Thank you for your question.
Dischargeability of a debt in Chapter 7 can be successfully challenged IF the debt arose from the Debtor's "willful and malicious injury by the debtor to another entity or to the property of another entity". By named category, this includes drunk or drugged driving compensation to victims, failure to pay child support, and failure to pay alimony (now called "spousal support"). By court decisions going back a long way, it also includes most punitive damages awards. The part of the BK Code
dealing with this is § 523(a)(6).
Whether a court-imposed sanction for failure to respond to discovery requests falls into the non-dischargeable category most likely depends on the language of the court order imposing the sanctions.

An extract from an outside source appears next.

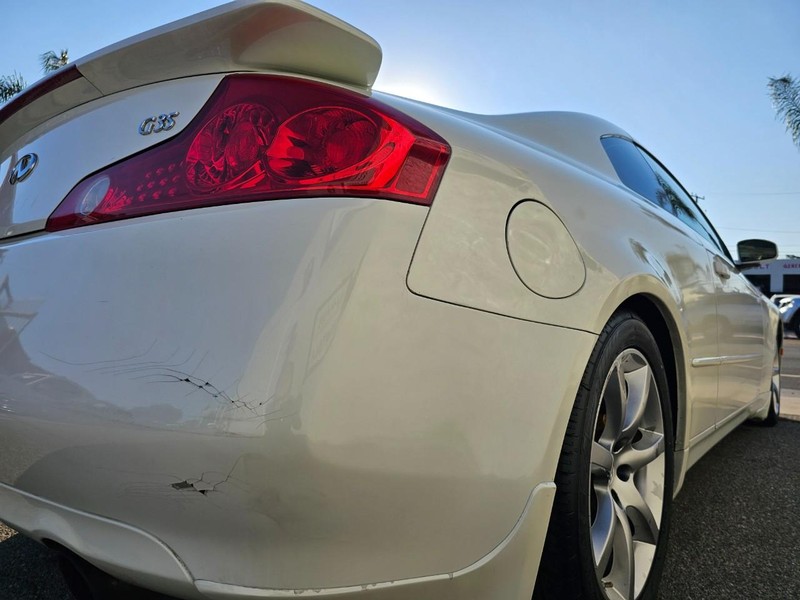 INFINITI G35 Coupe Vehicle Full-screen Gallery Image 11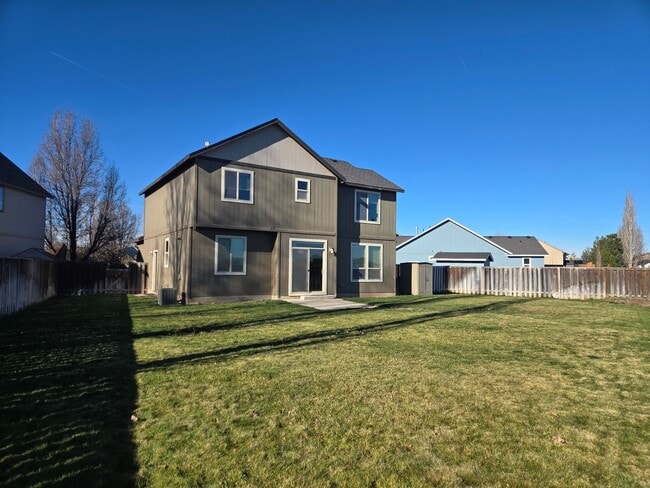 Building Photo - Great 2 story home ~ 4 bedroom, huge back yard in NW Redmond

Even then, debts listed on the schedules usually DO get discharged UNLESS the creditor successfully challenges them with an "adversary action" to determine the dischargeability of the debt. If the creditor does not complain and win, then the debt gets discharged. BUT if the creditor prevails at trial in the BK court adversary case, then the debt will survive the bankruptcy. So, attorneys for BK debtors just follow the rules, list all debts, and let the creditor(s) decide whether to challenge dischargeability. The creditors have a firm deadline to object, too, so there is no real suspense for the whole statute of limitations
period like there would be without a BK filing.
The landmark case on this portion of the BK discharge rules is Kawaauhau v. Geiger, 118 S.Ct. 974, 523 U.S. 57 (1998). You might want to research how your Circuit has interpreted that case in the 12+years since it came down.